Du point de vue de l’OTAN, depuis sa création en 1949, trois périodes se sont succédé : la guerre froide, l’après-guerre froide et, désormais, une nouvelle période « avec le retour de la compétition géostratégique, un phénomène lié au comportement agressif de la Russie et à la montée en puissance de la Chine ». Nous pourrions traduire : au monde bipolaire de la guerre froide a succédé le monde unipolaire qui est aujourd’hui contesté par des puissances renaissantes qui revendiquent l’avènement d’un monde multipolaire.

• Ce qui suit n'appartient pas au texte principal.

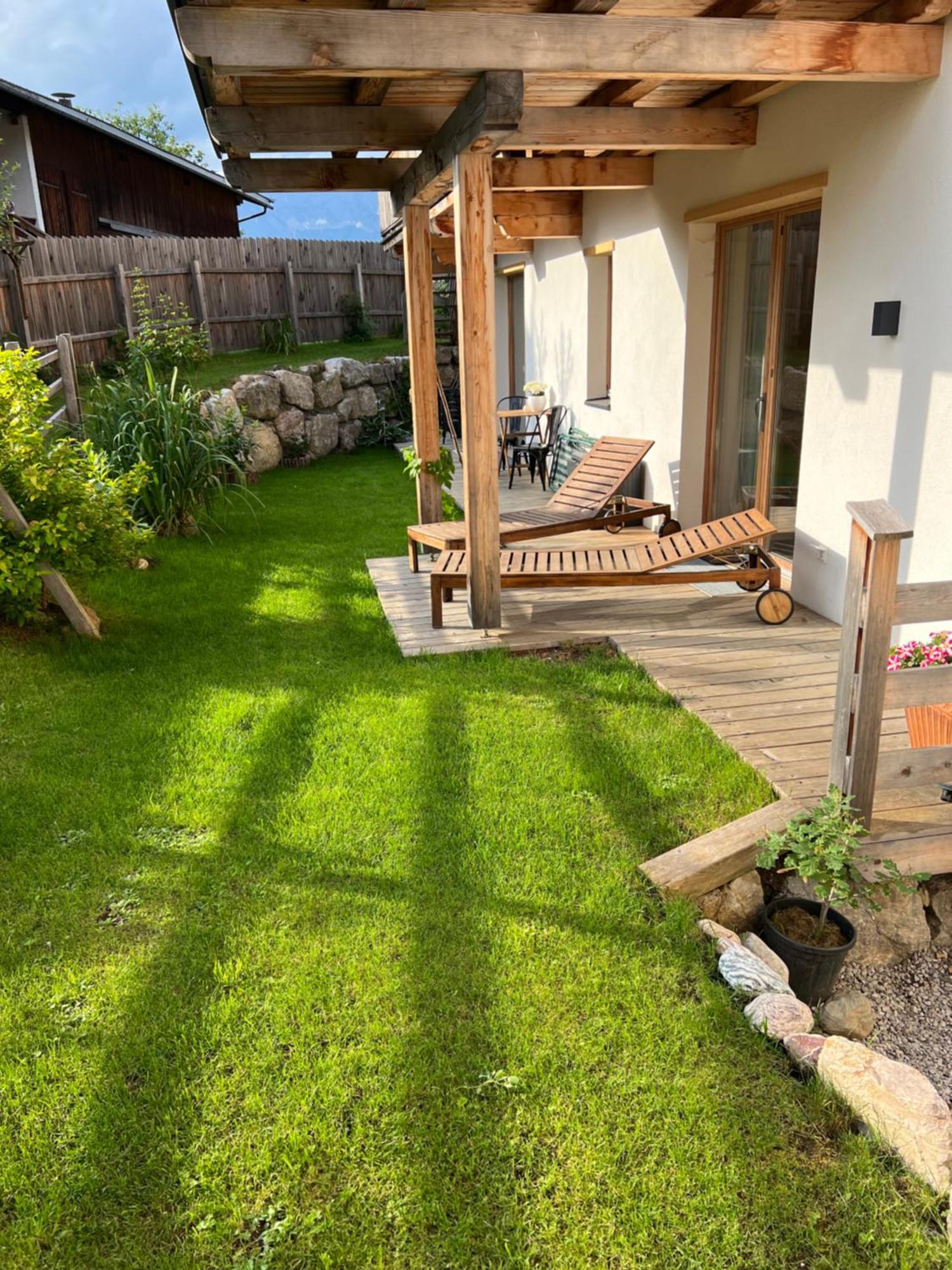 Mountain Vista - Bio Yoga Hof Lägenhet Kitzbühel Exteriör bild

Les crises qui accompagnent le réarmement du monde s’inscrivent, pour la plupart, dans ce processus de décomposition de l’ordre international issu de la fin de la guerre froide. En 1992, après le succès de la première guerre d’Irak et après la chute de l’URSS l’année précédente, un document du Pentagone consacré aux grandes orientations de la politique étrangère américaine avait fuité dans le New York Times. Connu, depuis, sous le nom de « doctrine Wolfowitz », d’après le nom du sous-secrétaire à la Défense qui en avait supervisé les travaux, ce rapport témoigne de l’hybris qui saisissait l’administration américaine à l’époque et éclaire de façon saisissante le « moment hégémonique » américain qui semble s’achever sous nos yeux aujourd’hui.
Le principal objectif politique et militaire de l’Amérique tel qu’énoncé dans ce document était d’empêcher la réémergence de tout nouveau rival. Comme le notait le New York Times, un « concept de domination bienveillante par une seule puissance » s’opposait à l’approche multilatérale et collective qui avait émergé de la Seconde Guerre mondiale, lorsque les grandes puissances avaient créé l’ONU.

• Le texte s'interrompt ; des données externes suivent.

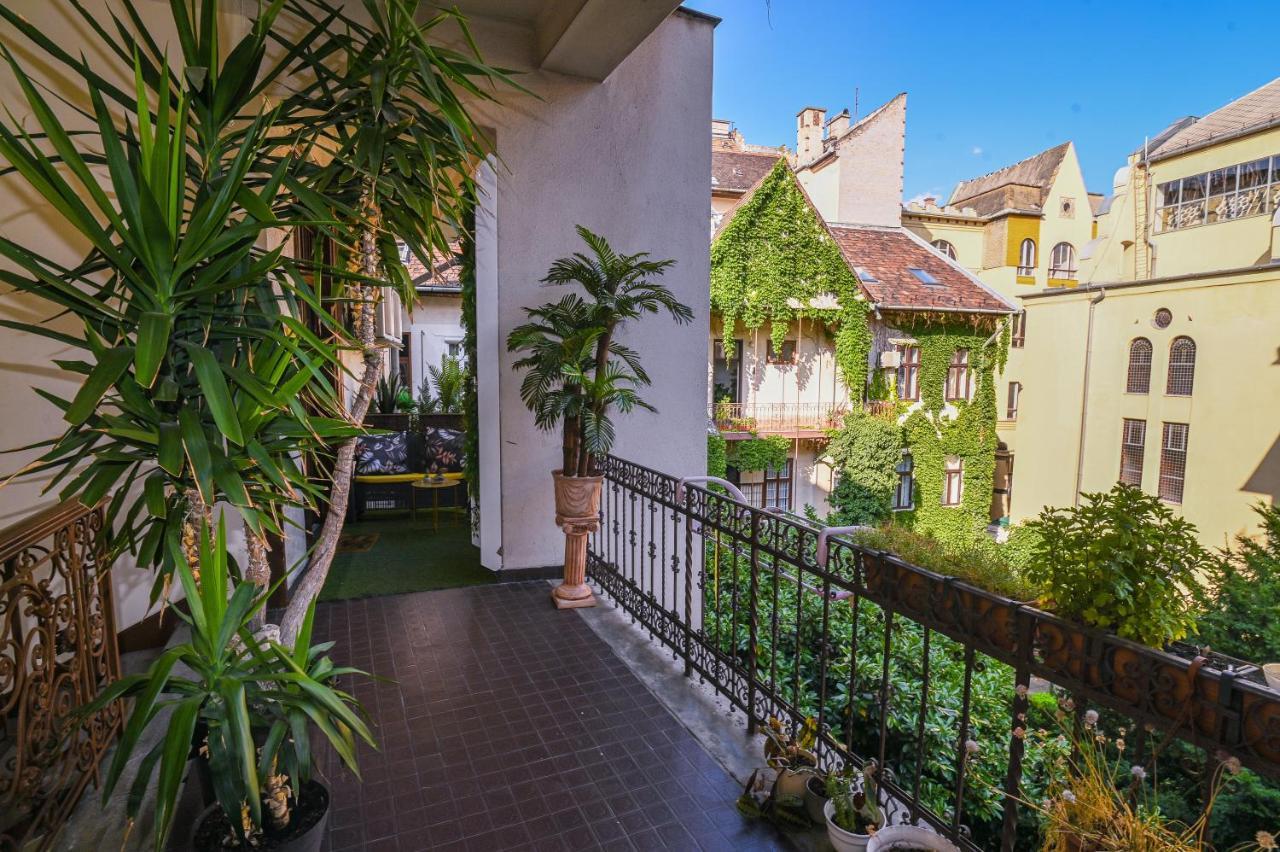 Palms Apartments בודפשט מראה חיצוני תמונה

Concernant l’OTAN, le document du Pentagone insistait sur son importance fondamentale en tant « qu’instrument principal de la défense et de la sécurité occidentales » mais aussi en tant que « canal d’influence et de participation des États-Unis dans les affaires de sécurité européennes ». « Alors que les États-Unis soutiennent l’objectif d’intégration européenne, nous devons chercher à empêcher l’émergence d’arrangements de sécurité uniquement européens qui saperaient l’OTAN », ajoutait le rapport.
L’Europe peut bien réarmer autant qu’elle le souhaite, elle ne pourra échapper indéfiniment à la question essentielle de son autonomie stratégique. Une question déjà contenue dans ce document du Pentagone écrit il y a plus de trente ans.